- Jack Drury signed a five-year, $22.5 million extension to stay in Nashville
- The deal carries a $4.5 million cap hit and runs through the 2030-31 season
- Read below for the full contract breakdown and how Drury landed in Smashville
The Predators aren’t letting Jack Drury get anywhere near the open market. Nashville signed the 26-year-old center to a five-year, $22.5 million extension on Saturday, a deal worth a $4.5 million cap hit that keeps him off the July 1 free agent board.
Drury was set to become a restricted free agent next week. Instead he’s locked in through 2030-31.
PuckPedia laid out the structure:
The contract pays Drury $4 million in year one and $4.625 million in each of the final four seasons. He gets full no-trade protection in years two and three, then an eight-team no-trade list for the back half. Agent Pat Brisson and CAA Hockey worked out the terms.
Nashville only landed him a few days ago. The Predators acquired Drury from Colorado on June 24, along with Chase Bradley and a 2029 third-round pick, and sent Zachary L’Heureux and Fedor Svechkov the other way.
President of hockey operations Chris MacFarland knew exactly what he was buying. MacFarland ran the Avalanche front office before taking the Nashville job, and Drury is the second former Colorado forward he’s brought in this offseason.

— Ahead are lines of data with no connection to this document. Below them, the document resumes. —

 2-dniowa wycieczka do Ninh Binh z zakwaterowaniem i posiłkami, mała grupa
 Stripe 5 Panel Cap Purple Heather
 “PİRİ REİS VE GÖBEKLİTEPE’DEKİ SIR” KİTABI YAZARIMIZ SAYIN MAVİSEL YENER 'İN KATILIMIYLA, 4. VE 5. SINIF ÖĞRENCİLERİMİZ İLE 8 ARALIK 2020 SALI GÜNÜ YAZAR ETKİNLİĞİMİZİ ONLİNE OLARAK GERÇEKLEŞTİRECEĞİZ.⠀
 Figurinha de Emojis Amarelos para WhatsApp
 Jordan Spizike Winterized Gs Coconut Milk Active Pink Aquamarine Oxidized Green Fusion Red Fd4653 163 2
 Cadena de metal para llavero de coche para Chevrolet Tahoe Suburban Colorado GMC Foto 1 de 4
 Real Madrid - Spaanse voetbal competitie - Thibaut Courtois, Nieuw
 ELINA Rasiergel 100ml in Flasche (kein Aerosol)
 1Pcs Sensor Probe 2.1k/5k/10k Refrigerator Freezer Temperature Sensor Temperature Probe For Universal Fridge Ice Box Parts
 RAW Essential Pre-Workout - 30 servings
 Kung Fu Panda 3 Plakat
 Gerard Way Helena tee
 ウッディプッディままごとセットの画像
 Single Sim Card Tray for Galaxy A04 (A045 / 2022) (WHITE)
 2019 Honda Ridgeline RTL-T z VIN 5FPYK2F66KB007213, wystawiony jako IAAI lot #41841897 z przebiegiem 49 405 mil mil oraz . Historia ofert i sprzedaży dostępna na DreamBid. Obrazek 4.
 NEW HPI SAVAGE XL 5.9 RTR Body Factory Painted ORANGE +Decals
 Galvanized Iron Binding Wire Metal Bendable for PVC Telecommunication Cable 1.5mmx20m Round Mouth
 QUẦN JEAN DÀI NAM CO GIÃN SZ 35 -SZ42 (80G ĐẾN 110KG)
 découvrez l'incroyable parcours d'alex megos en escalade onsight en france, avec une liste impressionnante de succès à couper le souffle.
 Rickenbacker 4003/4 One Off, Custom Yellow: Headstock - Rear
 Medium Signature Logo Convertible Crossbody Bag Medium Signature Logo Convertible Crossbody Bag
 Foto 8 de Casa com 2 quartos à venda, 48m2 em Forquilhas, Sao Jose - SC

Carolina drafted Drury 42nd overall in 2018 out of Harvard. He went to Colorado at the 2025 trade deadline as part of the three-team Mikko Rantanen blockbuster, then posted career highs of 10 goals and 17 assists in 82 games this past season. He also won 59.2 percent of his faceoffs, 10th best among players who took at least 100 draws.
Drury won’t headline a top line, but a center who wins draws, kills penalties and plays both ends is worth holding onto. Nashville paid to make sure he sticks around.